Was hätte ein Kopftuchverbot im öffentlichen Dienst für Folgen?
De facto würde muslimischen Frauen ein Berufsverbot auferlegt werden. Ich habe in meinem Bekanntenkreis Frauen, die auf Lehramt studieren. Diese Studentinnen fühlen sich ausgegrenzt und diskriminiert.
Ihnen wird vorgeworfen, dass sie das Kopftuch zwangsweise tragen, dass es ein Zeichen der Unterdrückung sei, aber diese Frauen empfinden das ganz anders. Vor allem reden alle nur über sie, statt mit ihren zu reden.

Angeblich sind Lehrerinnen mit Kopftuch eine Gefahr für ihre Schüler.
Ich sehe sie nicht als Bedrohung, ich sehe sie als Bereicherung an. In Nordrhein-Westfalen arbeiten 15 Lehrerinnen mit Kopftuch. Da gab es nie Beschwerden. Diese Frauen machen nur ihren Job.
Es ist nicht wichtig, was auf dem Kopf ist, sondern was in dem Kopf ist. In Nordrhein-Westfalen gibt es sowieso eine Einzelfallprüfung für Lehrer.

Wie steht es um die Versorgung der Schulen insgesamt?
Ich bin mit der Situation in den Schulen unzufrieden. Meine Tochter ist jetzt in der ersten Klasse. Wenn ich mir Frankreich ansehe – dort gibt Ganztagsschulen, das macht die Vereinbarkeit von Beruf und Familie für Frauen viel einfacher. Hier in Nordrhein-Westfalen sind wir da sehr unterversorgt.
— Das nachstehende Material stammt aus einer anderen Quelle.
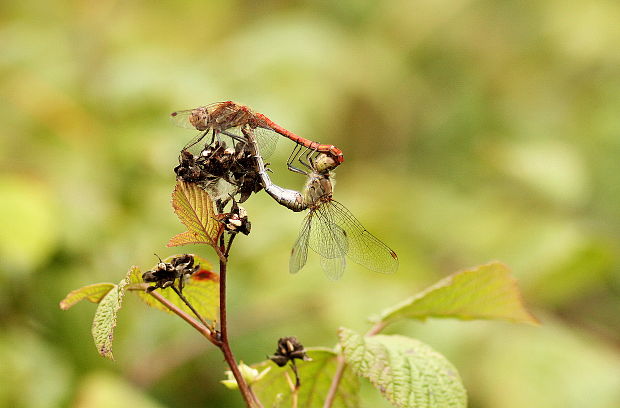 vážka pestrá Sympetrum striolatum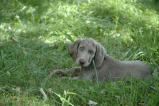 img036.jpeg.small.jpeg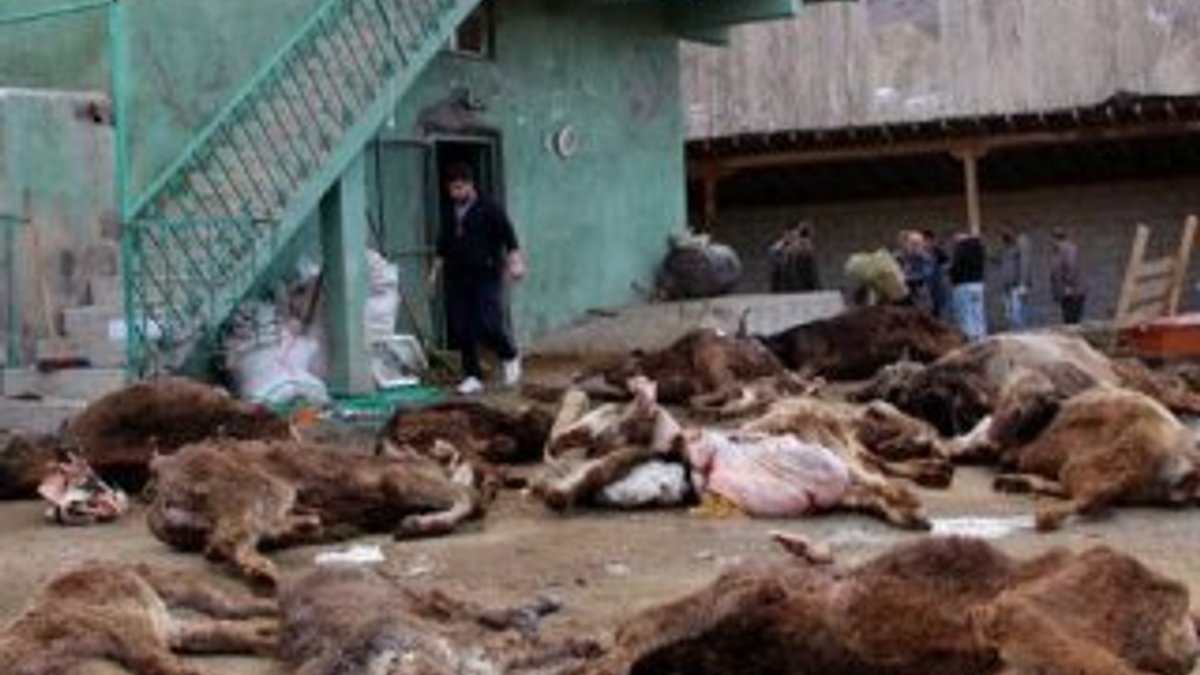 Erzurum'da bakımsız kalan 20 hayvan telef oldu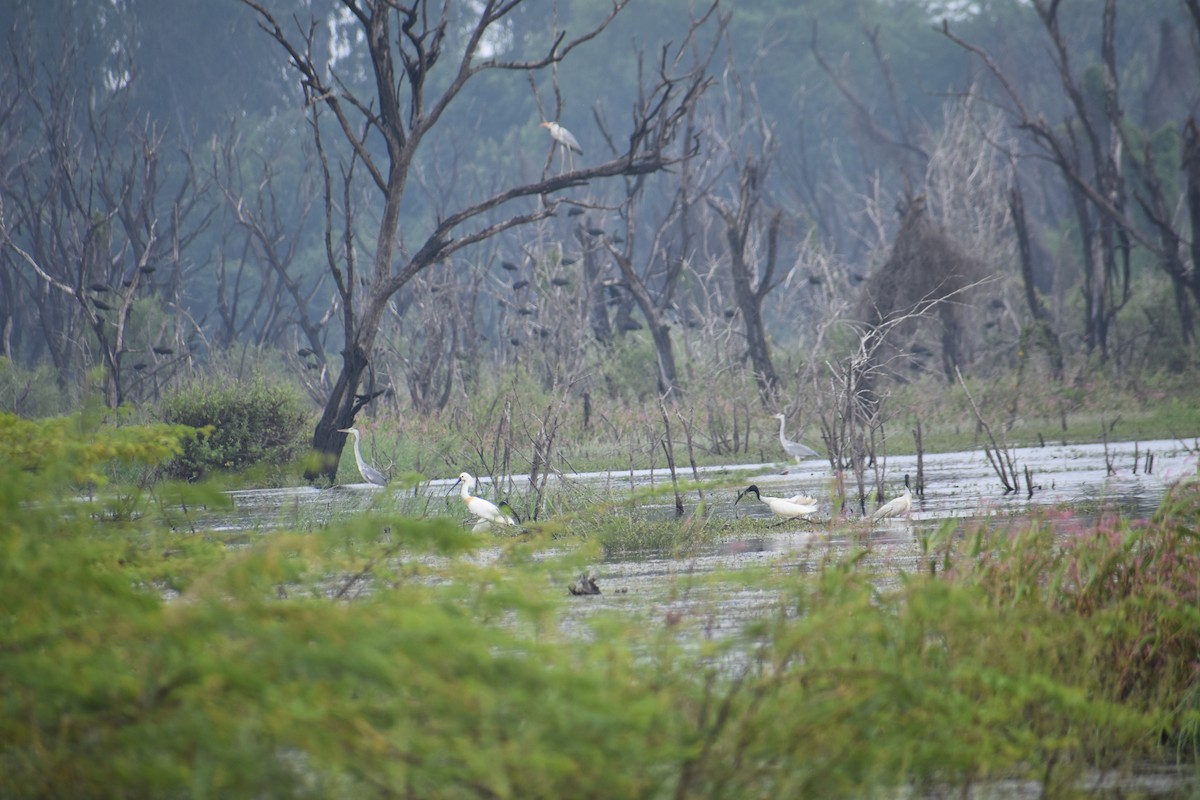 Косар білий - ML645882515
Was unternimmt die Gewerkschaft gegen das Kopftuchverbot?
Unser Arbeitskreis wird sich am 2. April vor der Demo gegen Sozialabbau treffen, um darüber zu sprechen. Ich denke, von der Gewerkschaft könnte mehr kommen, als nur ein paar Prozesse mit Rechtsbeistand zu begleiten.
Ich denke, ver.di sollte dafür einstehen, dass wir alle gleich behandelt werden. Alle sollten die Freiheit haben, über sich selbst zu entscheiden.

Wenn muslimische Lehrerinnen keine Gefahr sind, warum dann das Kopftuchverbot?
Ich denke, es gibt eine Art Panikmache. Alles, was islamisch aussieht, wird als Gefahr dargestellt. Früher hatten wir den Kalten Krieg, und seitdem der beendet ist, suchen die Regierenden ein neues Feindbild.
Der Terror hat keine Religion. Ich stamme aus Bosnien. Dort sind die Muslime Opfer von Terror gewesen. Die serbische Regierung wurde von der orthodoxen, die kroatische von der katholischen Landeskirche unterstützt.
Damals hat niemand von christlichem Terrorismus gesprochen, doch heute wird immer vom islamischen Terrorismus gesprochen.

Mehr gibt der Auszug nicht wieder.